La recente sentenza della Corte Costituzionale, del 24 dicembre, ha radicalmente modificato lo scenario della governance delle aziende sanitarie sarde, invalidando due articoli cruciali della legge 8 che regolamentavano il commissariamento di Asl, Arnas Brotzu, Areus, Aou di Cagliari e Sassari.
Questa decisione, apparentemente una mera questione formale, apre un complesso dibattito sulla legittimità degli atti amministrativi compiuti in precedenza e sulla necessità di una nuova cornice normativa per garantire la continuità operativa del sistema sanitario regionale.

La Giunta, posta di fronte all’imperativo di nominare tempestivamente i nuovi vertici aziendali, si è trovata a navigare in acque legali incerte.
L’analisi giuridica, commissionata per valutare il rischio di azioni risarcitorie da parte degli ex manager rimossi nel precedente commissariamento, è ora al centro delle discussioni.
La possibilità di contenziosi legali, potenzialmente onerosi per l’erario, pesa sulle decisioni politiche.
Tuttavia, l’incertezza legale si intreccia con una delicata questione politica: l’opposizione del Partito Democratico, che mette in discussione la rapidità e la trasparenza del processo decisionale.

La situazione è ulteriormente aggravata dal fatto che, con la decadenza dei commissari, la gestione delle aziende sanitarie è temporaneamente affidata a direttori amministrativi e sanitari, figure che ricoprono un ruolo di supplenza e non possiedono la stessa autorità e responsabilità di un Direttore Generale.

Questa transizione genera preoccupazioni sulla stabilità operativa e sulla capacità di affrontare le sfide quotidiane del sistema sanitario.
Una delle questioni più delicate riguarda la possibilità di reintegrare gli ex manager.
La legge impone termini precisi per la presentazione di ricorsi contro i licenziamenti, e la maggior parte di questi termini è scaduta.
Solo Flavio Sensi, della Asl di Sassari, ha formalizzato un ricorso, il cui esito sarà determinato dalla giustizia.
Per gli altri, la porta potrebbe aprirsi per un accesso come nuovi dirigenti, un’opzione che, in linea di principio, non incontra ostacoli nel campo largo.
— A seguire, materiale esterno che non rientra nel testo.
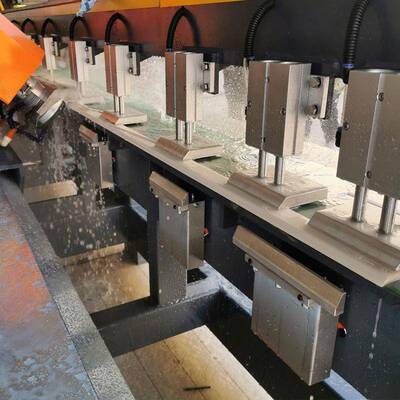 B3T200型机岩板角机陶倒瓷大板倒边岩板45度倒角磨BT-3200边机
Tuttavia, questa prospettiva solleva interrogativi sulla coerenza e sulla trasparenza del processo di selezione, soprattutto alla luce delle circostanze che hanno portato alla loro precedente rimozione.
Oltre all’emergenza immediata, si pone il problema della governance a lungo termine.

La necessità di individuare un nuovo Assessore alla Sanità, in sostituzione delle dimissioni di Armando Bartolazzi, impone una riflessione più ampia sulla direzione politica da imprimere al sistema sanitario regionale.
La Presidente Alessandra Todde, che attualmente ricopre l’interim, ha espresso la volontà di non affrettare la scelta, segnalando la complessità della decisione e la necessità di un’attenta valutazione delle competenze e della visione strategica del futuro titolare.
La ricerca di un equilibrio tra continuità amministrativa e rinnovamento politico si rivela, dunque, cruciale per affrontare le sfide che attendono il sistema sanitario sardo.